SOUTHFIELD, Mich. – Marianne Udow-Phillips, director of the Center for Healthcare Research and Transformation (CHRT) in Ann Arbor, will discuss health reform at the federal, state and local level on Tuesday, May 14, from 8:30-10 a.m. at Lawrence Technological University (LTU), 21000 West Ten Mile Road, Southfield.
CHRT is a non-profit partnership between the University of Michigan and Blue Cross Blue Shield of Michigan.
Udow-Phillips will provide an update on what is happening with implementation of the PPACA of 2010 (Federal Healthcare Reform Act) including recent decisions by the state of Michigan on health insurance exchanges and Medicaid expansion.
“Anyone who seeks to get the latest on the progress in Michigan and nationally on implementation of the federal healthcare reform will find this very valuable and informative,” said Jerry Lindman, director of LTU’s Center for Nonprofit Management.
Registration begins at 8 a.m. in the lobby of the Mary Marburger Auditorium in LTU’s Science Building. The cost is $30. Go to www.ltu.edu/management/executivetoexecutive.asp for online registration. Walk-ins are welcome.
Udow-Phillip’s presentation is part of the four-part Executive to Executive speaker series for leaders in the nonprofit sector, which is offered through a partnership with the United Way of Southeastern Michigan, the Michigan Nonprofit Association, Plante Moran, the McGregor Fund, the Blender Consulting Group and Lawrence Tech’s Center for Nonprofit Management.

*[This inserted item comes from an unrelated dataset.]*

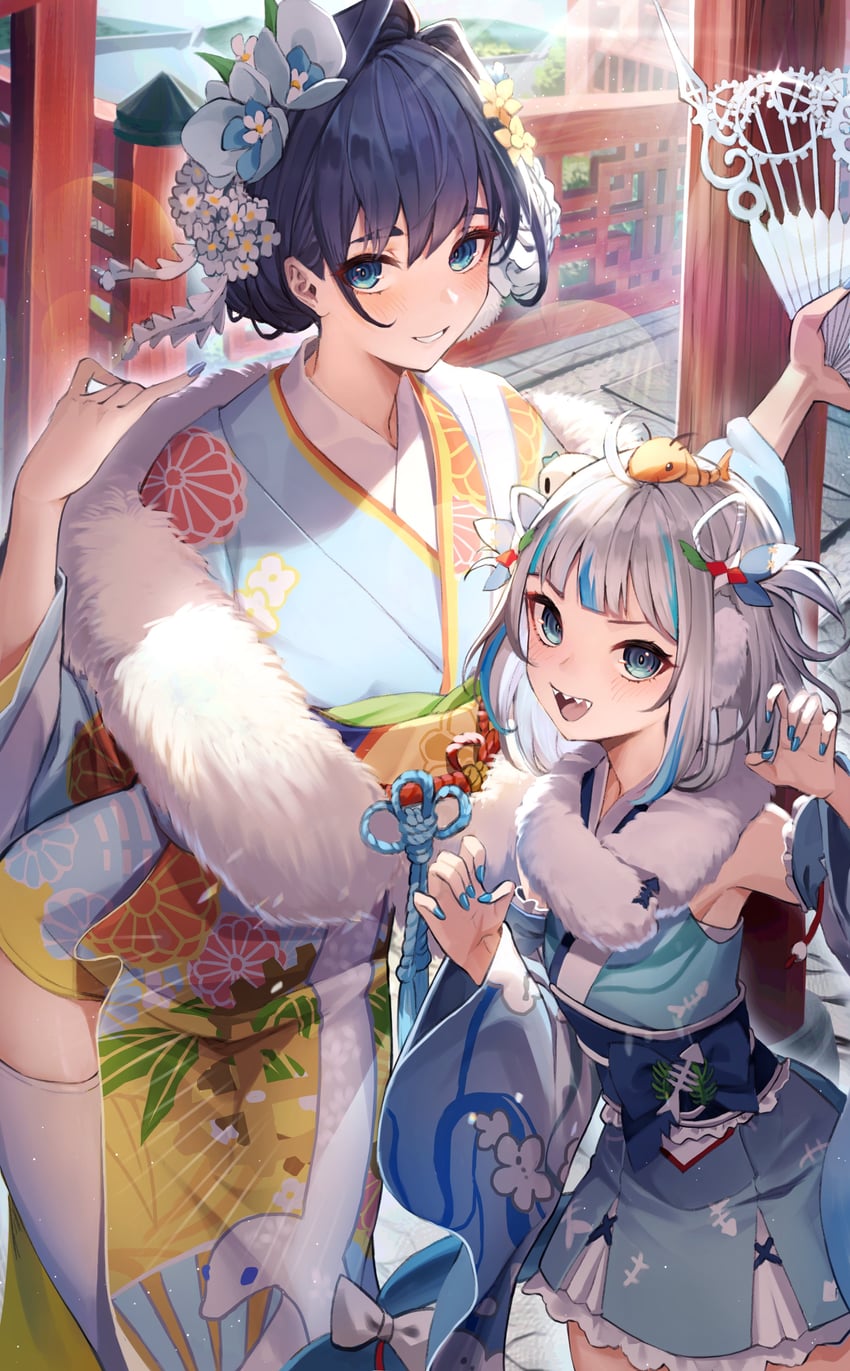 gawr gura, ouro kronii, and ebi-chan (hololive and 1 more) drawn by netural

Lawrence Tech now offers a graduate certificate in healthcare information technology. For more information, visit www.ltu.edu/management/healthitmgt.asp.

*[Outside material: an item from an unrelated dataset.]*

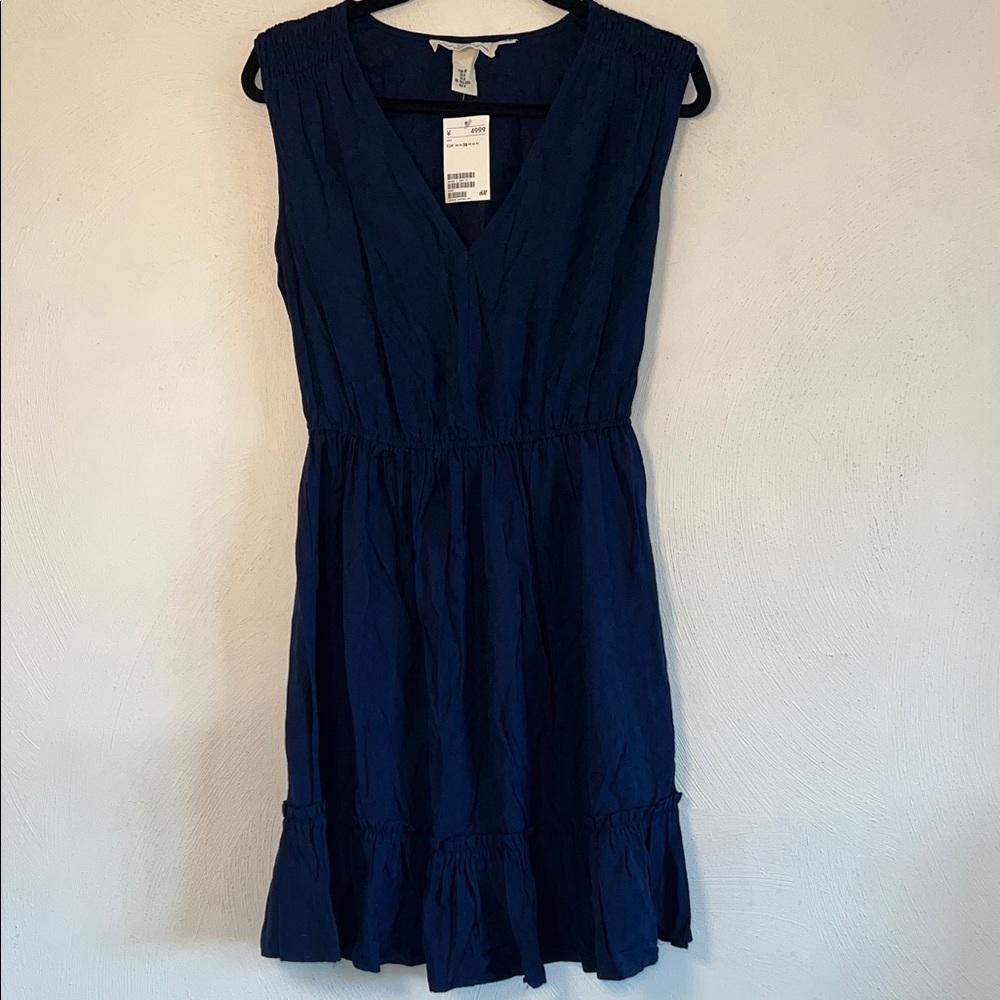 H&M Deep Blue V-Neck Mini Dress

Lawrence Technological University, www.ltu.edu, is a private university founded in 1932 that offers more than 100 programs through the doctoral level in its Colleges of Architecture and Design, Arts and Sciences, Engineering, and Management. Bloomberg Businessweek lists Lawrence Tech among the nation’s top 20 percent of universities for return on undergraduate tuition investment, and highest in the Detroit metropolitan area. Lawrence Tech is also listed in the top tier of Midwestern universities by U.S. News and World Report and the Princeton Review. Students benefit from small class sizes and experienced faculty who provide a real-world, hands-on, “theory and practice” education with an emphasis on leadership. Activities on Lawrence Tech’s 102-acre campus include over 60 student clubs and organizations and a growing roster of NAIA varsity sports.